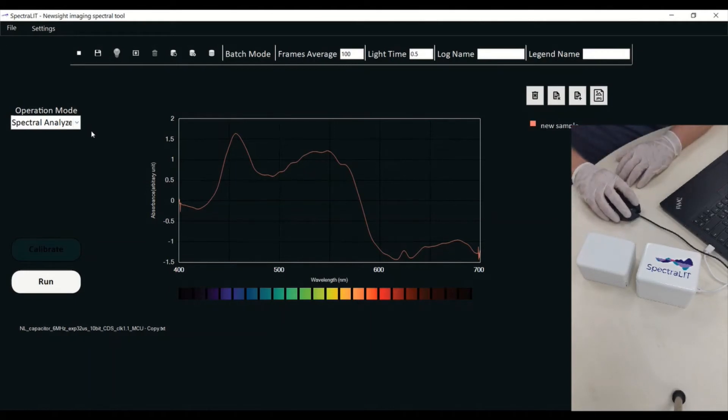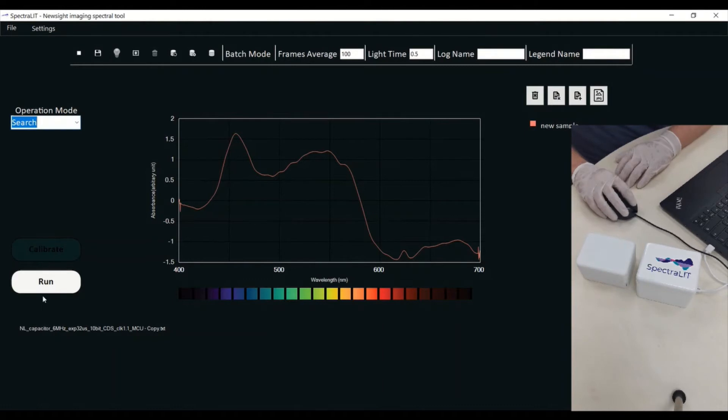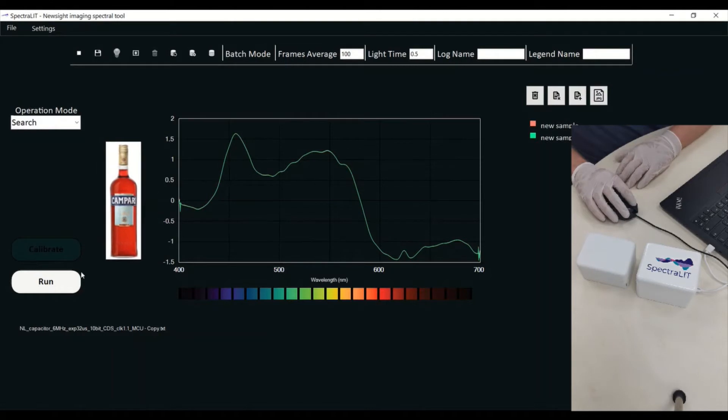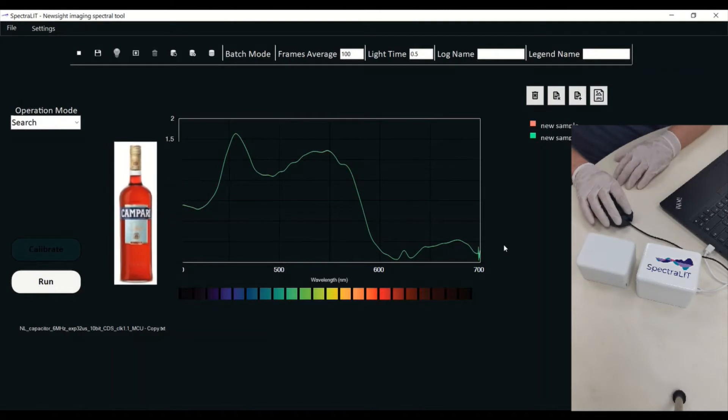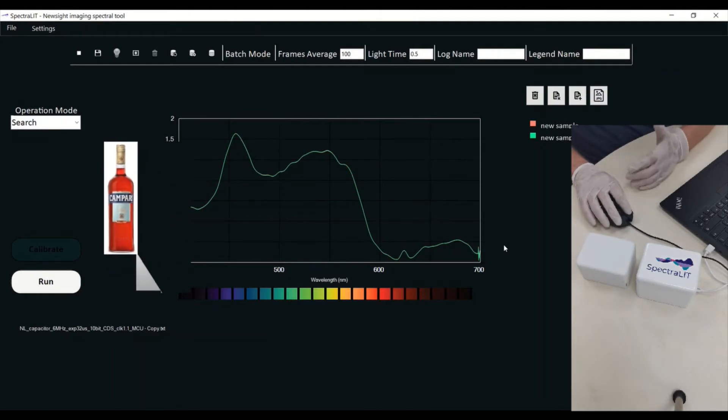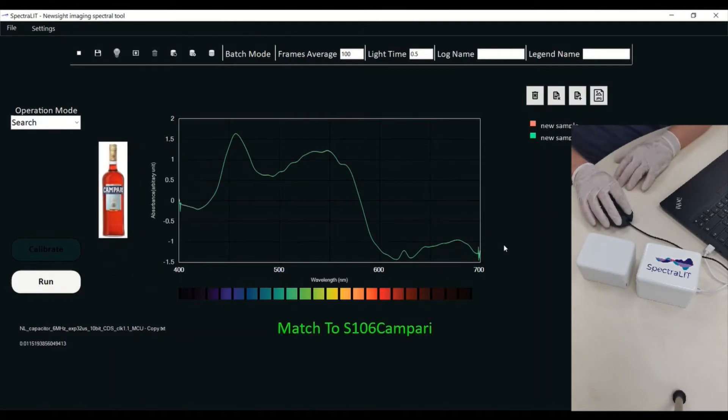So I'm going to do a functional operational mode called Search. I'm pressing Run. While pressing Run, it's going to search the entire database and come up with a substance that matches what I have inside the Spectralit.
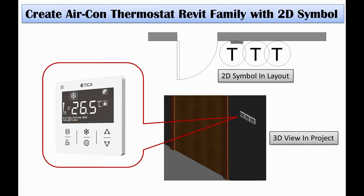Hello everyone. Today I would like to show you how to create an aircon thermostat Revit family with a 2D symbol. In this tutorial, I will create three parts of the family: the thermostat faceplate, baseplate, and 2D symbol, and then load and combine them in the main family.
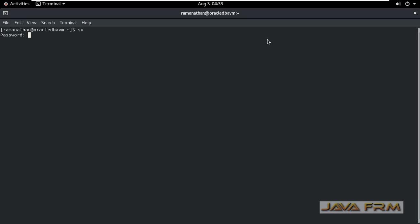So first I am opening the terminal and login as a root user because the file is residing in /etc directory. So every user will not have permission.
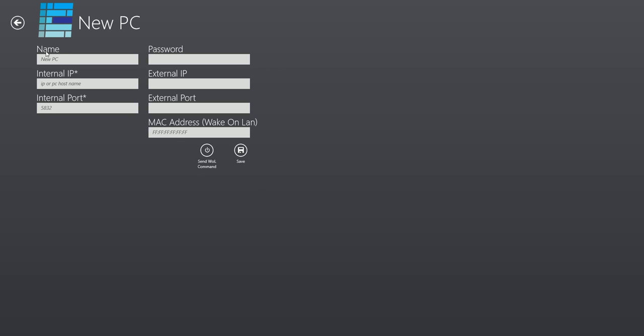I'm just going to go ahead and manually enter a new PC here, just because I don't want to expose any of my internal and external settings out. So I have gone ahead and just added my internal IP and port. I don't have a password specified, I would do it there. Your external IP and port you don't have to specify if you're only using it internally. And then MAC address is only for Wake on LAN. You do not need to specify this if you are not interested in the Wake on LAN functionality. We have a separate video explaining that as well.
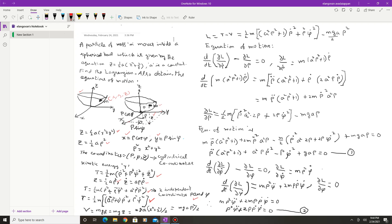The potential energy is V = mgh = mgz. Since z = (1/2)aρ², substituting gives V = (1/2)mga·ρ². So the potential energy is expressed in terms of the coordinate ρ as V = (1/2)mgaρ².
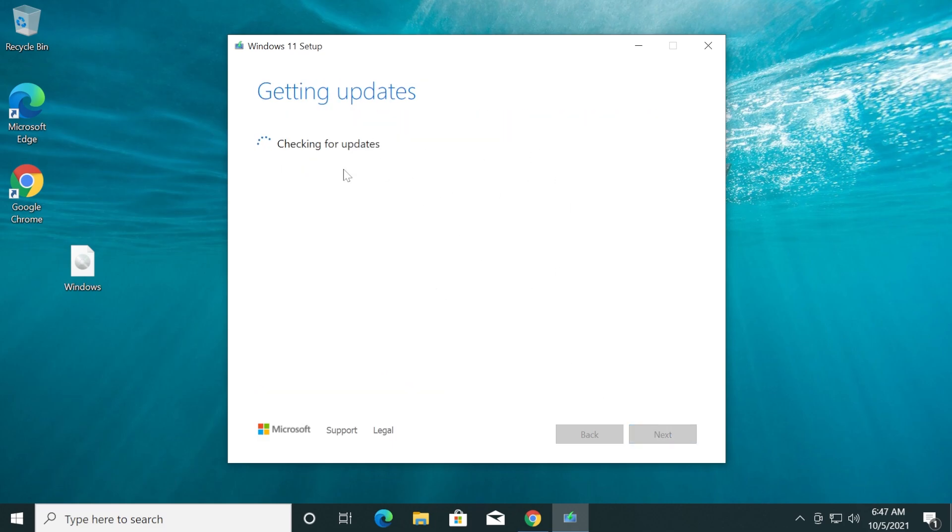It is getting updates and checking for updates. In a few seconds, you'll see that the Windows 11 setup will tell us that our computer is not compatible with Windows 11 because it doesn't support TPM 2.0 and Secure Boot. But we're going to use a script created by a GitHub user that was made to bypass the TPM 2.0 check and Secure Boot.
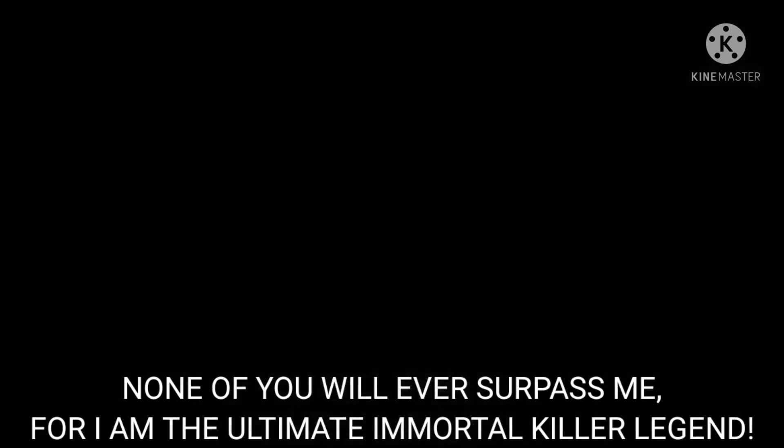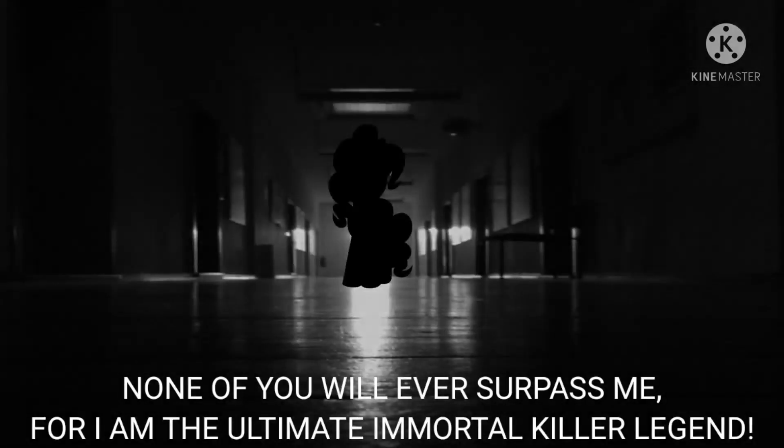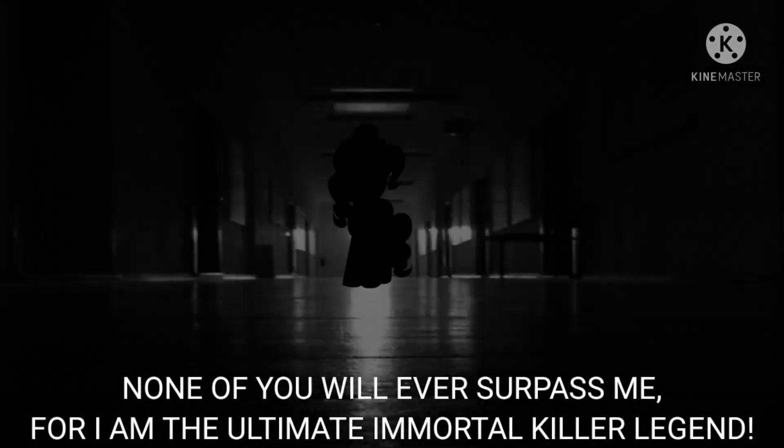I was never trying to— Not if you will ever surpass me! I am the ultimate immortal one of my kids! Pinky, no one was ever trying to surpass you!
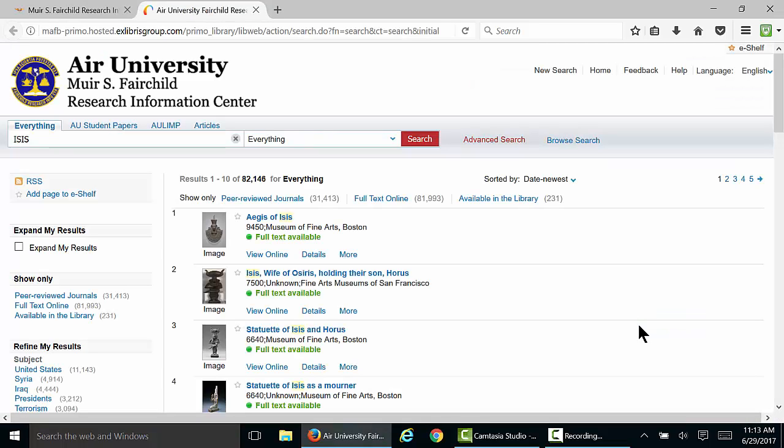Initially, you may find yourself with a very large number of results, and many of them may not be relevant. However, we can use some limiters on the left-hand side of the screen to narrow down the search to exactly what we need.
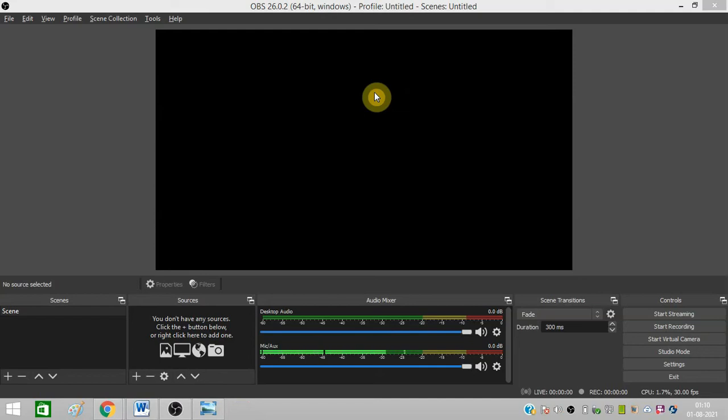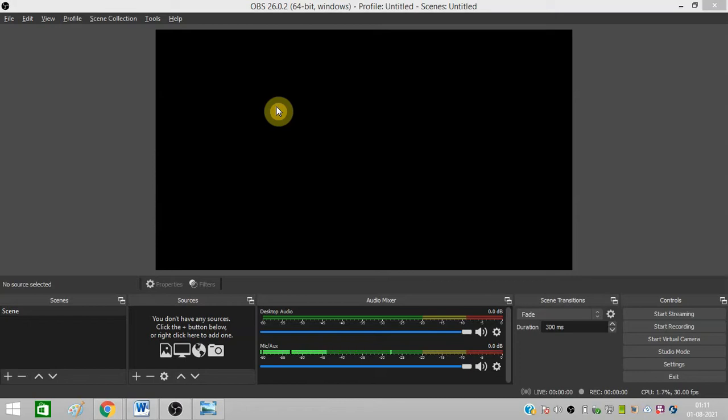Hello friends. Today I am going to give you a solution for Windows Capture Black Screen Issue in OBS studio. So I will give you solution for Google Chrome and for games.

◇ ◇ ◇ ◇ ◇

EXERCISE GOAL:
In the entries above, find the line that contains "Hello everyone. Today" and the line that contains "So first I am". Reproduce exactly those two lines and every line between them, but not the pictures.

YOUR SOLUTION:
Hello everyone. Today I would like to show you how to create an aircon thermostat Revit family with a 2D symbol. In this tutorial, I will create three parts of the family: the thermostat faceplate, baseplate, and 2D symbol, and then load and combine them in the main family.
So first I am opening the terminal and login as a root user because the file is residing in /etc directory. So every user will not have permission.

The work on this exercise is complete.